Withindows is a theoretical framework for developing user interfaces that can operate in both dekstop and full 3D immersion without redevelopment. It simultaneously addresses problems with usability, efficiency, fatigue and fexibility associated with the development of immersive applications. The framework not only provides a route for existing desktop applications to make the transition into 3D but also optimizes several tasks commonly undertaken in virtual environments.

The framework is based on the novel combination of two existing techniques; image-plane selection and through-the-lens.
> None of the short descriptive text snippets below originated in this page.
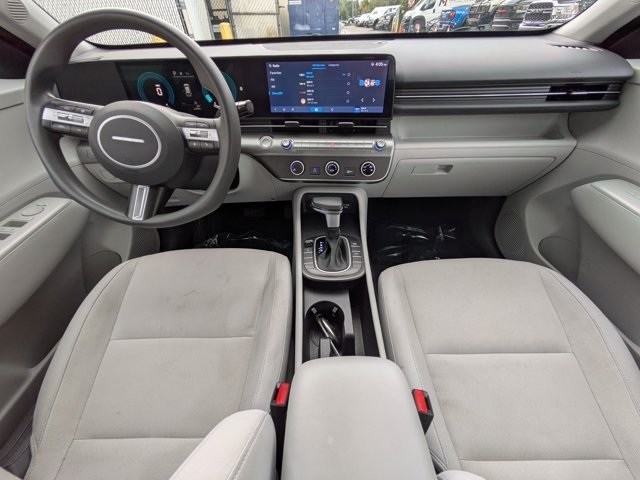 used 2024 Hyundai Kona car, priced at $20,588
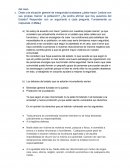 EL NUEVO DISEÑO ORGANIZACIONAL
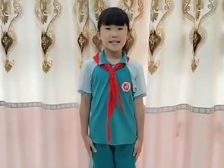 082新丰县第二小学叶佩娜：刘胡兰的故事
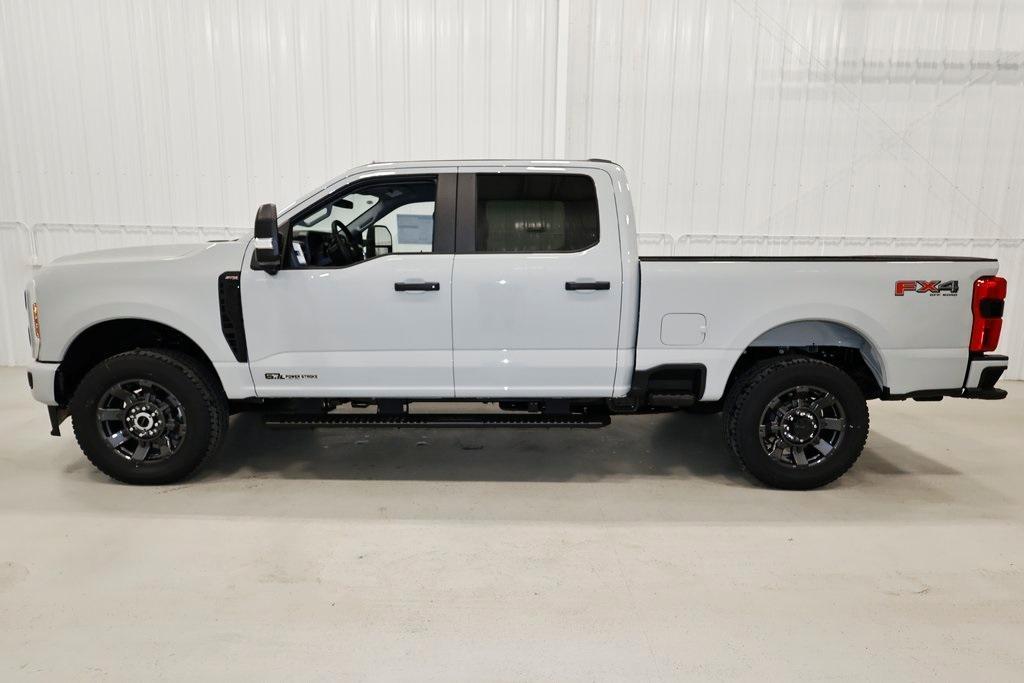 new 2025 Ford F-350 car, priced at $71,760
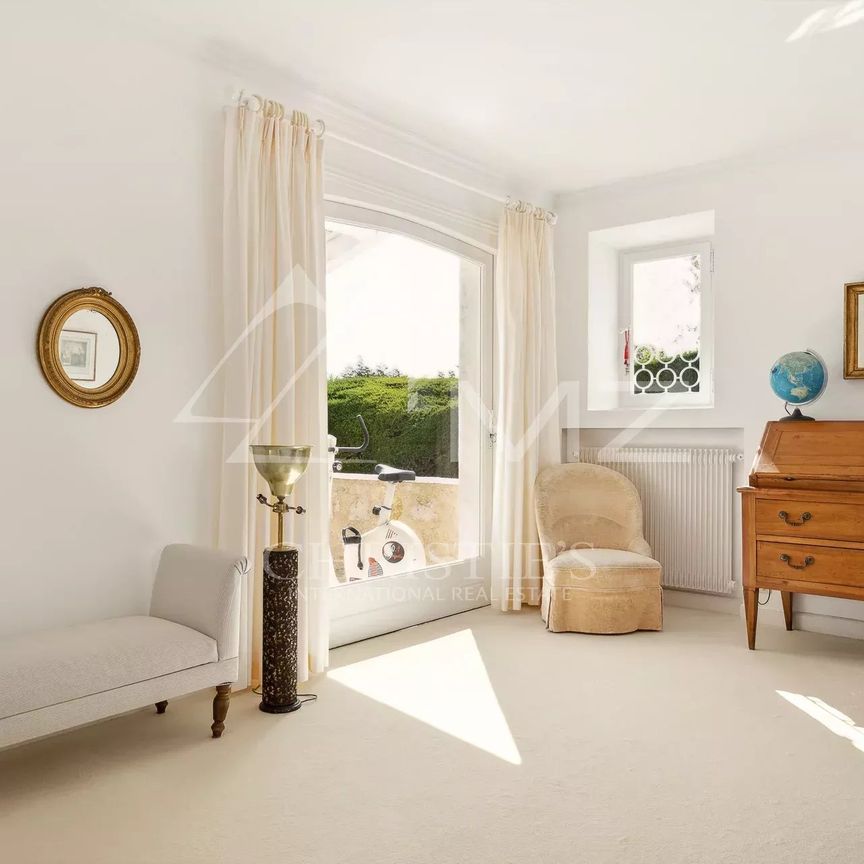 Cannes - Villa vue mer 4 chambres - Photo 1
Image-plane Selection Image-plane Underhand
Image-plane, or occlusion selection, involves occluding the selection object with the hand or a virtual cursor attatched to it. Traditional 2D user interface elements can be used for long periods with low fatigue when placed on a window positioned below the hand.
Through the Lens Image-plane on TTL
Through-the-lens techniques a) place a virtual camera at the eye to create a view within the window. b) Objects can be grabbed and manipulated by c) reaching into the resulting view frustum. Image-plane selection on TTL windows facilitates 2½D constrained object manipulations without reaching. a) Spatial movements of the virtual cursor translate into b) constrained manipulations at a distance.


Ygdrasil IDE - A proof of concept graphical interface for the Ygdrasil VR development platform.
A series of design sketches illustrating a number of interaction techniques.
A paper on the framework presented at the 3DUI Symposium at VR 2008.
The full dissertation document.


There are a number of problems common to 3D user interfaces:

limited flexibility
Applications and their interfaces must be developed separately for desktop and 3D environments.
high fatigue
Users are routinely asked to stand, bend, sway or reach for objects placed out in front of them.
low usability
Users frequently spend their limited time having to learn a new interface modality.
low efficiency
Simple 3D search and object manipulation tasks are generally less efficient in 3D.

The Withindows framework addresses each of these problems:

high flexibility
Because they encapsulate primary virtual environment tasks of global search, object selection and object manipulation, through-the-lens windows can be presented unaltered on the desktop and behave as traditional 3D applications with no redevelopment efffort
low fatigue
Through-the-lens windows can be positioned directly below the hand in 3D environments in order to reduce fatigue and allow longer term work to take place.
high usability
Users can be exposed to and learn the immersive interface on the desktop and then concentrate on aspects of the application unique to 3D when using the system in an immersive setting. Exposure to the 3D interface on the desktop is also likely to provide resiliency to the frequent low-resolution display conditions associated with 3D display technologies .
high efficiency
In the absence on true haptic feedback, constrained 2D manipulations from optimal alternate viewpoints overcome inefficiencies associated with methods that rely solely on first-person perspective.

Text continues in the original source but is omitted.